• _WORK ITEM_
Write out exactly the lines of the material below, beginning at the top and ending at the line that contains "Bedroom, Bed in".

• _EXTRACTED DATA_
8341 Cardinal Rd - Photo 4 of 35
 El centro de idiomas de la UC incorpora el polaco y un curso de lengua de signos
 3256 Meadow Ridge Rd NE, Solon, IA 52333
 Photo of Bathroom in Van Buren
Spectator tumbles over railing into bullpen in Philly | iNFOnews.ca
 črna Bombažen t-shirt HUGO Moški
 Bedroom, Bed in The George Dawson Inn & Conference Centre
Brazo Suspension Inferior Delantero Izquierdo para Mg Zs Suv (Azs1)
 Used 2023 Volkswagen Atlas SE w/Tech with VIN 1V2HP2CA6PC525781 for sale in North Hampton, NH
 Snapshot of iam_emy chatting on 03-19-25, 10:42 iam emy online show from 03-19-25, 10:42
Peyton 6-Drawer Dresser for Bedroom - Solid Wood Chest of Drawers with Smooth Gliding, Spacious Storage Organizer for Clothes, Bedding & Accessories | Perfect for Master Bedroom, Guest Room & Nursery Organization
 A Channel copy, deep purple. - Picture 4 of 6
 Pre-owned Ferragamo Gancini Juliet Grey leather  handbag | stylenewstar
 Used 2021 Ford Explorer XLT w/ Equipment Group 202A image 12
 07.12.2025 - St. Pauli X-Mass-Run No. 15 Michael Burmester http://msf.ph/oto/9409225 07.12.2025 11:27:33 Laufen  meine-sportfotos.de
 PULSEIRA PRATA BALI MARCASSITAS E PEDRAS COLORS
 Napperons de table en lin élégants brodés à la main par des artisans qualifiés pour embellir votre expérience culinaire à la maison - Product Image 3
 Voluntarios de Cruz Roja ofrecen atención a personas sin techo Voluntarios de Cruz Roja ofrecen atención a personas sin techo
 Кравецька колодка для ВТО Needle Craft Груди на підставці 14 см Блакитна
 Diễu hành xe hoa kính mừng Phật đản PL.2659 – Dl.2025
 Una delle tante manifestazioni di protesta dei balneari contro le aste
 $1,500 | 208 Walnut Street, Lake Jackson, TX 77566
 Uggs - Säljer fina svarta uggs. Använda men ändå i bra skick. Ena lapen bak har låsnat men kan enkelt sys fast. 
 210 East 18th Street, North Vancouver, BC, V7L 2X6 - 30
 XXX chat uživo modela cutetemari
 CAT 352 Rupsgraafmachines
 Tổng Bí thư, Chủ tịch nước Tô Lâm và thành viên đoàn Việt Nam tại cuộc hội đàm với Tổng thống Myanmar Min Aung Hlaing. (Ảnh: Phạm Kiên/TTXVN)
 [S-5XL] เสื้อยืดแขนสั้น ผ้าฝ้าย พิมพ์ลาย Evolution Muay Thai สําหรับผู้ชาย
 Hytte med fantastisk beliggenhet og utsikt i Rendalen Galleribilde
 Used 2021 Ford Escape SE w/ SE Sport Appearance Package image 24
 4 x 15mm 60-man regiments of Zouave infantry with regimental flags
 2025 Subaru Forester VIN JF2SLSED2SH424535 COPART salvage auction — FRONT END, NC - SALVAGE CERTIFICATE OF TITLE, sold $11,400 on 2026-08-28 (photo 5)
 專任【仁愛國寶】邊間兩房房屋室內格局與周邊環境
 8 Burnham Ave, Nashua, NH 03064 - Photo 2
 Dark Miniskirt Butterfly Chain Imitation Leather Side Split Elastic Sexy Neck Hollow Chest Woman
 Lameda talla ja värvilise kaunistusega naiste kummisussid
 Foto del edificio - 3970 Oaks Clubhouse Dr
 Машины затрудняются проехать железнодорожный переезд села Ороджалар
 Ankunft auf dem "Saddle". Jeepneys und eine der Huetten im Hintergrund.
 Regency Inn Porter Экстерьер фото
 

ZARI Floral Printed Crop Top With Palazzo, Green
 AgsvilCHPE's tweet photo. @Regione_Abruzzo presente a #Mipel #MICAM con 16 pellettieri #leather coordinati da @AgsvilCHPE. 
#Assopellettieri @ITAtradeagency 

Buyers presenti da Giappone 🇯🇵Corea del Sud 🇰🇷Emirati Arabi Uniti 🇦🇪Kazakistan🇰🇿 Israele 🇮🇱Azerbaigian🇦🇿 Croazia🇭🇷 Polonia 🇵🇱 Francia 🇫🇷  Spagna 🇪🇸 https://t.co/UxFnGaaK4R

• _EXERCISE RESULT_
8341 Cardinal Rd - Photo 4 of 35
 El centro de idiomas de la UC incorpora el polaco y un curso de lengua de signos
 3256 Meadow Ridge Rd NE, Solon, IA 52333
 Photo of Bathroom in Van Buren
Spectator tumbles over railing into bullpen in Philly | iNFOnews.ca
 črna Bombažen t-shirt HUGO Moški
 Bedroom, Bed in The George Dawson Inn & Conference Centre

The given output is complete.